Why it should be 'Moneyball'

Posted by · 8:02 pm · February 17th, 2012

“We”re all told at some point in time that we can no longer play the children”s game,” a baseball scout says to a young Billy Beane in a flashback sequence in “Moneyball,” one of this year’s nine Best Picture nominees. “We just don”t know when that”s going to be. Some of us are told at 18, some of us are told at 40. But we”re all told.”

A “sports movie” is designed to follow a now familiar trajectory. There is an underdog (be it a group or an individual), an obstacle, a struggle, a conflict, a sequence where we believe that our hero will be forced to retreat and finally a life-affirming moment of triumph.

What is so fascinating about “Moneyball” is that it simultaneously follows and shatters those standards. It fundamentally disagrees with the overarching messages of the majority of sports films (just as its central character fundamentally challenged the way the financial team-building game of baseball was played). Many traditional sports movies either overtly or inherently deliver the message that our worth can be discovered, confirmed or solidified in one moment of victory and/or within the framework of a shiny, easily identifiable skill — even if that skill is simply strength of will.

“Moneyball” presents an image of the human experience that feels far more reflective of life, one in which we are, as Brad Pitt said in an interview with The Guardian, “a series of successes and failures,” who must make choices based on multiple and nuanced factors.

The other message of many sports films is that our worth ought to be reflected by outside markers to the degree that a loss of the prize in question would be an insurmountable tragedy. “Moneyball” reminds us of the times that we hit a home run and are so focused on the wrong thing that we don”t even know it.
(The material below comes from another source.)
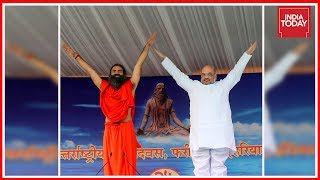 Amit Shah Joins Baba Ramdev For Yoga Day Event In Ahmedabad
Of course a major thematic core of the film is the idea that change, even when positive, healthy and necessary, is hard, dangerous and threatening to those who are currently benefiting from the status quo, or are simply too complacent to question it. In one of the film”s final sequences, Beane is told that “the first guy through the wall always gets a little bloodied.” Indeed, he must, because you cannot break apart a stagnant and flawed structure without doing a good deal of initial damage. That is true in government, business, cultural trends and embedded ideas.
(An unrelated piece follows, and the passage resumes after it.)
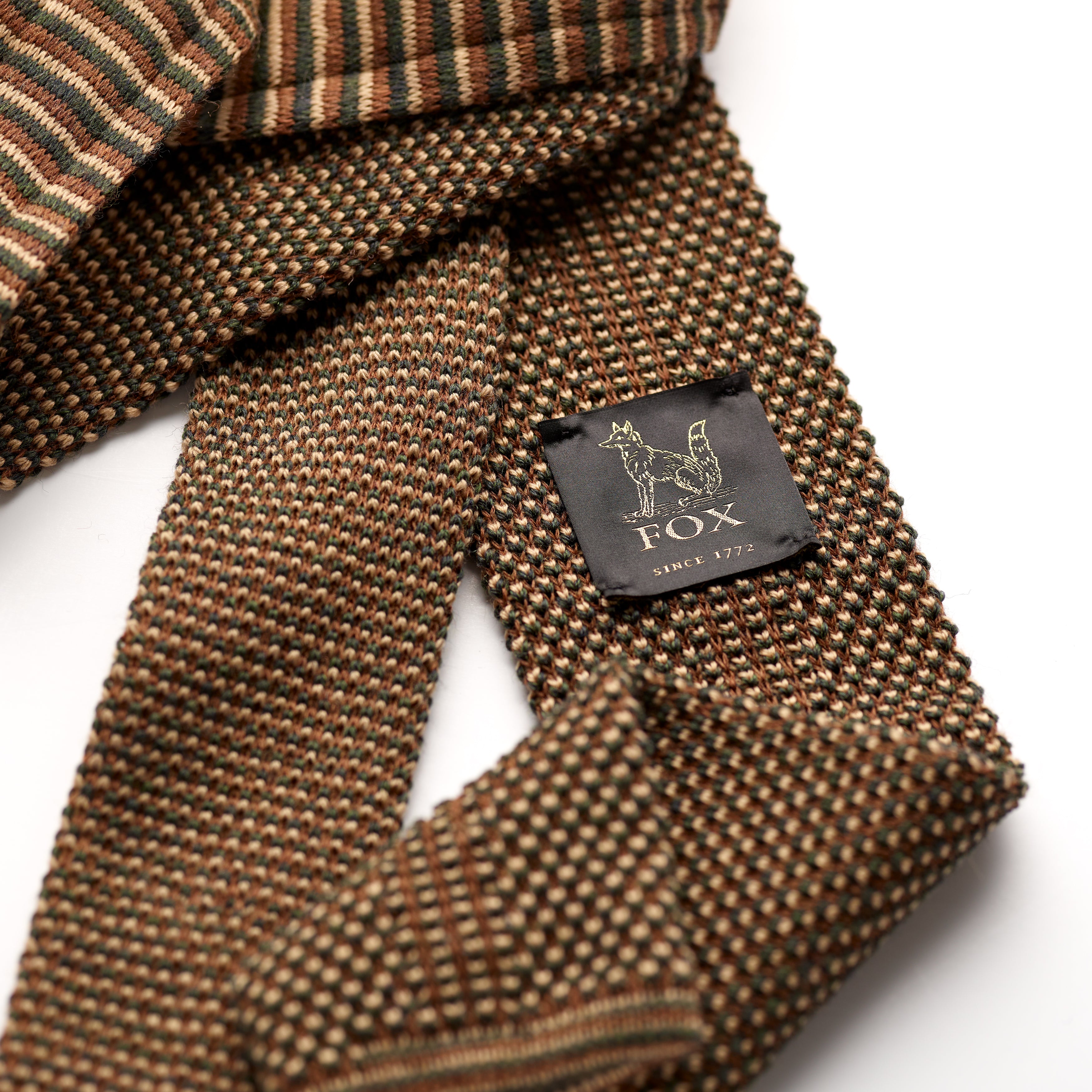 Mushroom, Cappuccino and Khaki Green Spot Wool Knitted Tie Label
Billy Beane, in a collaboration with a group of people (represented by Jonah Hill”s Peter Brand in the film), took an unfair system and restructured it using science and math, which is phenomenal in its own right. He also used the even more revolutionary idea that a team”s strength really can be found within the sum of its parts. Beane says “f-you” to the accepted way of viewing the game and its players by taking a motley crew of “misfit toys” whose worth had been missed, perhaps even by themselves for a time, and telling them to drop their egos in order to create something stronger than their individual limitations — stronger, even, than many teams that focus their sights on the spectacle and showmanship of superstars.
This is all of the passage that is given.